少し離れたところまで走ると車間も空いてきたので止まれないことは無い。しかし、路肩に停めて走って引き返しても5分くらいは掛るだろう。カーブに差し掛かっておりお年寄りの姿はバックミラーで確認はできない。もし大変なことになっていれば後続の誰かが駆け付けるだろうし、コンビニの店員が見つけて出て来たかも知れない。振り切って走ってしまった。暫くは救急車のサイレンの音に耳を澄ましていたがそれも聞こえない。勝手に大丈夫だろう、あそこは警察所も近いと思って自分を納得させてしまった。本当はハザードを点けて緊急停車し、駆け寄るべきだったのだろうが本当に悪い事をしてしまった。

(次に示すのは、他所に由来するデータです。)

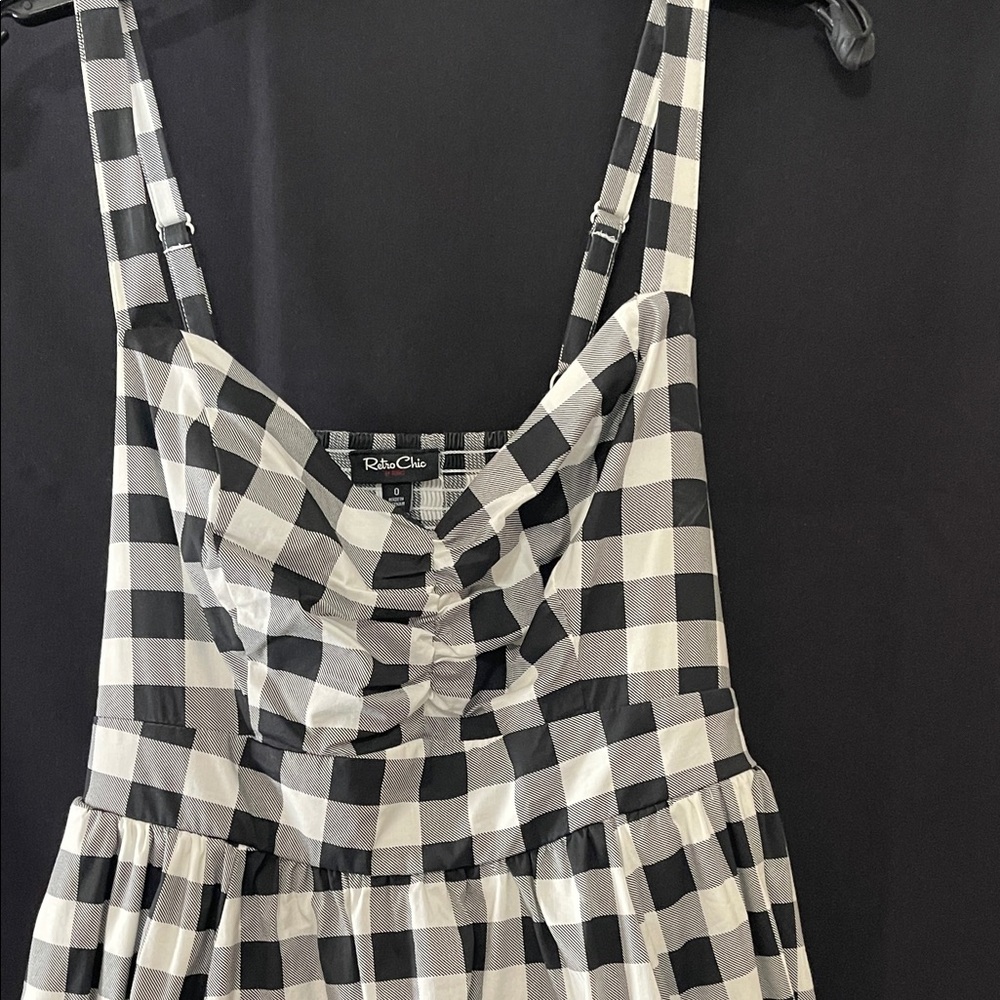 Midi dress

イザと言うときどんな行動が取れるかはその人を知る上で重要である。随分昔のことだが部下の二人が一本道の農道を走っていた時、目の前に横転した車が道を塞いでいた。近づくとガソリンが漏れ出しており、中には運転主が閉じ込められていたとのこと。歳上の男がアブネエ直ぐ引っ張り出そうと運転主を掴むと、若い方が、爆発するかも知れないからこっちが危ない、と言って車から離れた。歳上の方は、爆発する前に助け出すんだと必死に引っ張って助け出したとのこと。幸い火災にならなかったようだが、結局若い方は遠くから心配そうに眺めていたとのこと。歳上のこの男は総務の所属であり、浅草生まれのちゃきちゃきの江戸っ子で、普段は口うるさいので煙たがられていた。私は生一本で悪気の無い愚直な性格は分かっていたし、何よりも自己という考えが一切無いのは総務にピッタリだと可愛がっていた。若い方は地方の大学出だが当時珍しい修士を出て居た。技術者としても結構優秀で将来はリーダーになるものと思われていた。どちらも部下ではあったが周りの評判は口うるさいのと、優秀なエンジニアと言う事で違っていた。

二人とも10年以上部下であったが、歳上の方は請われて子会社に移った。若い方は同じ職場に留まったが、こちらの方が転勤とかでバラバラになった。離れて10年くらい経った頃、総務の若い子の結婚式で偶然歳上の方と出会った。新郎の直接の上司であった彼は私を見つけて、来ていたんですかと感極まって今にも泣きそうになっていた。仕事では口うるさいがあまり私事は話さないどちらかと言うと普段は無口の男である。この時も元気でしたかと一言の後が続かなかったが、涙を流さんばかりの感動(感傷か)は十分伝わってきた。こちらから新しい職場の10年がどうだったとか切り出すと、私なんかが出来る事は知れてますよ。××さんの活躍は噂では聞いてました、とこちらを持ちあげる。式の後も明日仕事があると言って別れを惜しんでいることありありで帰って行った。多分昔のこととか話したかったのだろう。若い方の部下にも時々会う機会があったが、近寄っては来ない。また何か叱られるかも知れないというトラウマだったのだろうか。もう十分優しくなっているのに。残念ながら彼はリーダーとなって人望を集めるには至らなかった。不器用で痩せ我慢で愚直な江戸っ子気質は今でも好きである。愛すべき不器用さは私にとって人を見る時の重要な人徳である。